While my husband and I definitely saw a dip in our household income, thanks to my gig-based occupation (and a subsequent sweat-inducing dive into ye olde line of credit), my marriage’s ability to weather the storm — so far, anyway — is in no doubt buoyed by a hearty baseline of privilege. We live in a house where we could each carve out our own small “office” space, my husband doesn’t seem to be in danger of losing his job, and we both have white-collar professions we can do while hiding at home. Things I thought of as little luxuries before, like having a small backyard — oh precious, precious backyard — where even during the strictest phases we’re able to get some fresh air, suddenly become game-changers.
So, deep fractures of festering resentment, boredom and anxiety? Covered! But what about that magical light that’s supposed to shine through the cracks in your Covid-tested bond?
In some ways, this sudden worldwide experiment might be a harbinger of positive change, at least when it comes to what we expect or need from our relationships. I spoke with several women, for example, who said the sheer amount of pandemic bickering finally convinced their partners to go to couples therapy or even just actually talk about their relationship at all. Others reported happy shifts on that excruciatingly boring but endlessly draining issue of the chores. Everyone’s partnerships shifted somehow, because really, it would be almost impossible for them not to. “The world is different, so my relationship is different,” says Theresa, 40. “Covid-19 is going to affect us permanently.”

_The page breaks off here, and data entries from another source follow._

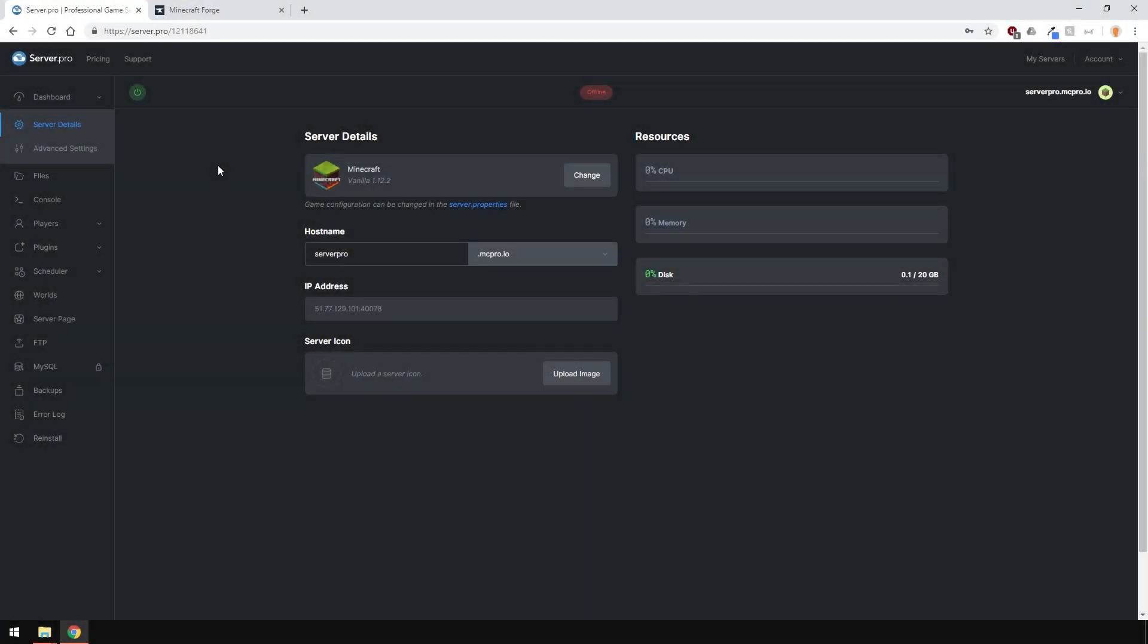Yo, it's Lux from Server Pro and welcome to this tutorial in which I'm going to show you how to install Minecraft Server Forge so that you can use mods on your server.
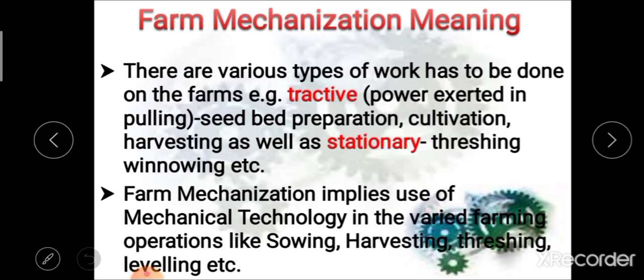Whereas some works are stationary works — for example, threshing, winnowing, etc. So farm mechanization implies the use of mechanical technology in varied farming operations like sowing, harvesting, threshing, leveling, etc. Simply put, the use of mechanical technology for various operations is known as farm mechanization.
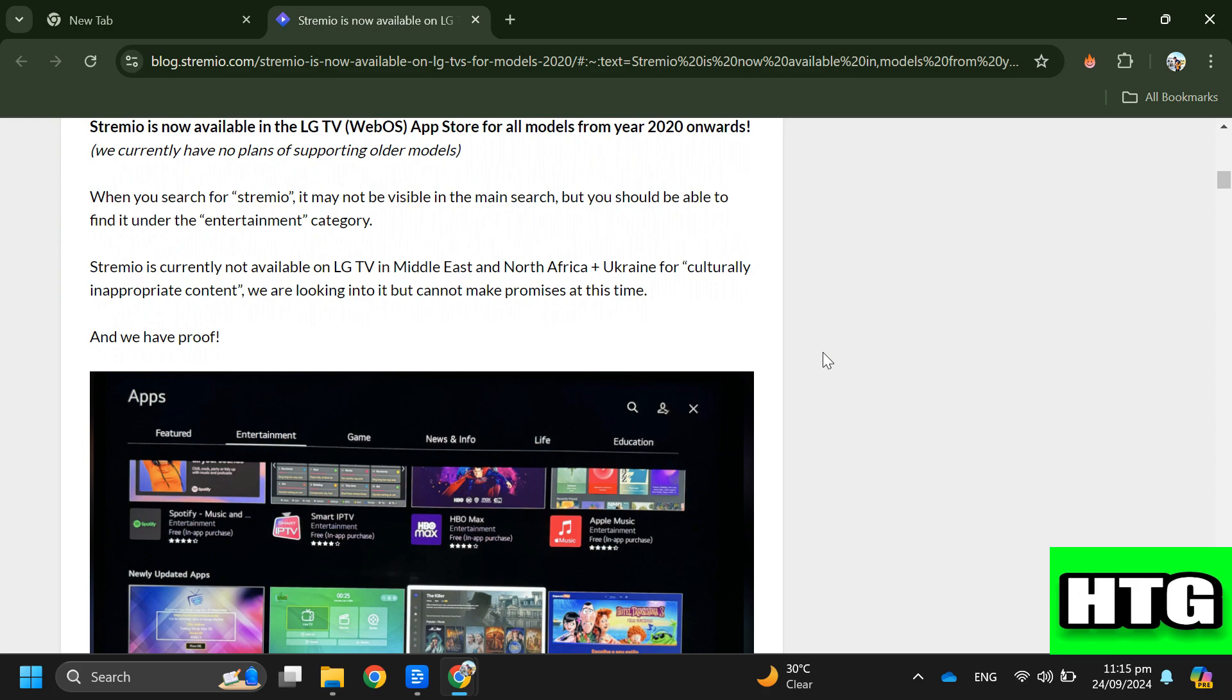Step 3: Install Stremio. Once you find Stremio, click to install it on your LG Smart TV.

“Many women I talked to for my book told me they wanted to blow it all up,” says Calhoun. “They were so frustrated and so exhausted. The pandemic kind of did that — it did blow it all up. A lot of jobs got lost, a lot of marriages were upturned, the kids’ schedules went out the window, and everything just went back to zero. A lot of women I’ve heard from since Covid-19 are saying, ‘We want to build back our lives and our relationships in a more satisfying way,’ and maybe there’s an opportunity for that now.”